▶ _What is expected_
Of all the lines below, output only those starting at the one with "Euphorbia milii Crested" and ending at the one with "Скриншот 1 к игре Mystery Trails", both ends included, exactly as written.

(Extracted data entries)
--- START ---
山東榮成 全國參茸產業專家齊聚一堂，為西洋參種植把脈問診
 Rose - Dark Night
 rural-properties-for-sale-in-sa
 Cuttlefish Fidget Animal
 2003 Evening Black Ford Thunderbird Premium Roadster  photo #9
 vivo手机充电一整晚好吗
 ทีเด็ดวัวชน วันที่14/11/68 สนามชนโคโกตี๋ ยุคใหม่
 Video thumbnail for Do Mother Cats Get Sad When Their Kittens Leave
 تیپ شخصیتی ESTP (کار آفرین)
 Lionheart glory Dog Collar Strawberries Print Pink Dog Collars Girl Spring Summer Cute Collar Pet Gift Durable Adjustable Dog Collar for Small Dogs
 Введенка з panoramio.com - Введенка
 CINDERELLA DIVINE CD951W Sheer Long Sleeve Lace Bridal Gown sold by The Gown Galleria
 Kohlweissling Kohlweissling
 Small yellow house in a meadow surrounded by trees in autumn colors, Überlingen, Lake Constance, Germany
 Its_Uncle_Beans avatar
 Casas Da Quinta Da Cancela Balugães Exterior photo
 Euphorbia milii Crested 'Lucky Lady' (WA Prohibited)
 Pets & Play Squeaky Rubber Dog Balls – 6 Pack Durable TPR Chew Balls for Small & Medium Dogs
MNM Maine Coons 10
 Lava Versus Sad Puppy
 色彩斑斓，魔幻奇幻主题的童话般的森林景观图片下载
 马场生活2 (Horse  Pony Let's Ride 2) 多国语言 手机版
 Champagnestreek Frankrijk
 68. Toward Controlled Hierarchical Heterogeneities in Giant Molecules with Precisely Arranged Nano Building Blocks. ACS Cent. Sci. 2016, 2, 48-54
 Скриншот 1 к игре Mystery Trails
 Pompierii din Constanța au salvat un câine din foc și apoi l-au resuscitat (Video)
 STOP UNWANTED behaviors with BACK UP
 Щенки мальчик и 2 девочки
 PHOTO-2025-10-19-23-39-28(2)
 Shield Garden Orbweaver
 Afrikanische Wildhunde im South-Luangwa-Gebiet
--- END ---
▶ _Result_
 Euphorbia milii Crested 'Lucky Lady' (WA Prohibited)
 Pets & Play Squeaky Rubber Dog Balls – 6 Pack Durable TPR Chew Balls for Small & Medium Dogs
MNM Maine Coons 10
 Lava Versus Sad Puppy
 色彩斑斓，魔幻奇幻主题的童话般的森林景观图片下载
 马场生活2 (Horse  Pony Let's Ride 2) 多国语言 手机版
 Champagnestreek Frankrijk
 68. Toward Controlled Hierarchical Heterogeneities in Giant Molecules with Precisely Arranged Nano Building Blocks. ACS Cent. Sci. 2016, 2, 48-54
 Скриншот 1 к игре Mystery Trails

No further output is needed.